Manual tuning and pre-munched input

xmunch might not always create optimal output, and you might want to give it some hints or force some grammatical exceptions that can't be described efficiently in the affix definition. Also, when creating a hunspell dictionary, it is important to have a way to review its content and merge the reviewed data with the word-list. Here the "pre-munched" input comes in handy.

Running xmunch with --no-compression makes it print a file where all stems xmunch found are grouped together with their derived forms. This might be easier to review than the final dictionary and can be feed back to xmunch. If such pre-munched data is given, xmunch will take it as basis and try to combine words from the word-list with stems already defined in the pre-munched data before searching for new stems in the word-list. For this pre-munched stems, all score checks are disabled.
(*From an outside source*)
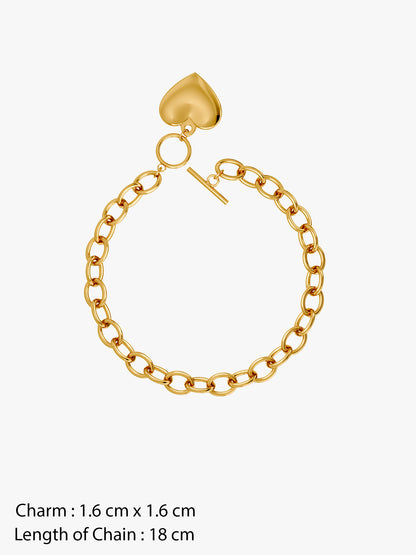 Heart Drop Gold Plated Bracelet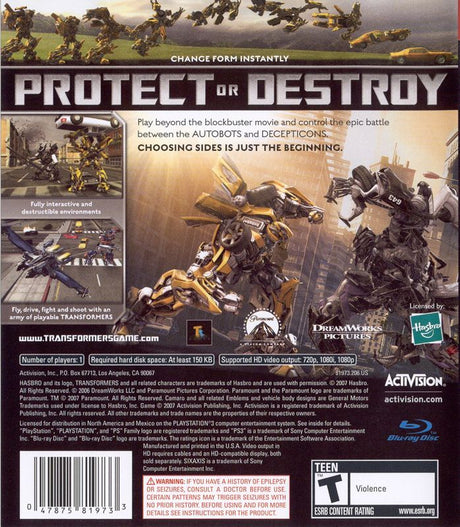 Transformers: The Game - PlayStation 3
The pre-munched data has the following format:

# basically, this is a word list:
word1;
word2; # if a word is missing in the input word-list, it will be added from here.
word3;
# With stems, it looks like this:
stemx {
	B { # B is a affix group, which has to be defined in the affix file.
		stemxa # this words are derived from stemx following the rules defined
		stemxb # by B in the affix file. However, they are never checked if
		vstemb # they actually match - so this can be used to force xmunch to
		abcede # make some exceptions.
	}
	C {} # C has to be defined in the affix file too, and if matching derived
		 # words are found, they will be added here, ignoring any score counts.
		 # Even if no derived forms exist in the word-list, the resulting
		 # dictionary will have
		 # stemx/B,C
};
asdf;
sdfa;
word5@v { # @v means this is a virtual stem. If it exists in the word-list, it
		  # will be removed from there. 
		  # @o might be used if the stem should only be virtual if it doesn't
		  # exist in the word-list. (So it is not removed if it exists)
	W {
		word5x	
	}
};
# All this is just take as basis for the xmunch run - so word1 for example
# might be found to be derived from a word in the word-list, or might be taken
# as stem of some words in there. Also, other derived forms of even other affix
# definition groups might be added to stemx or word5.

License

xmunch is relased under GNU GPLv3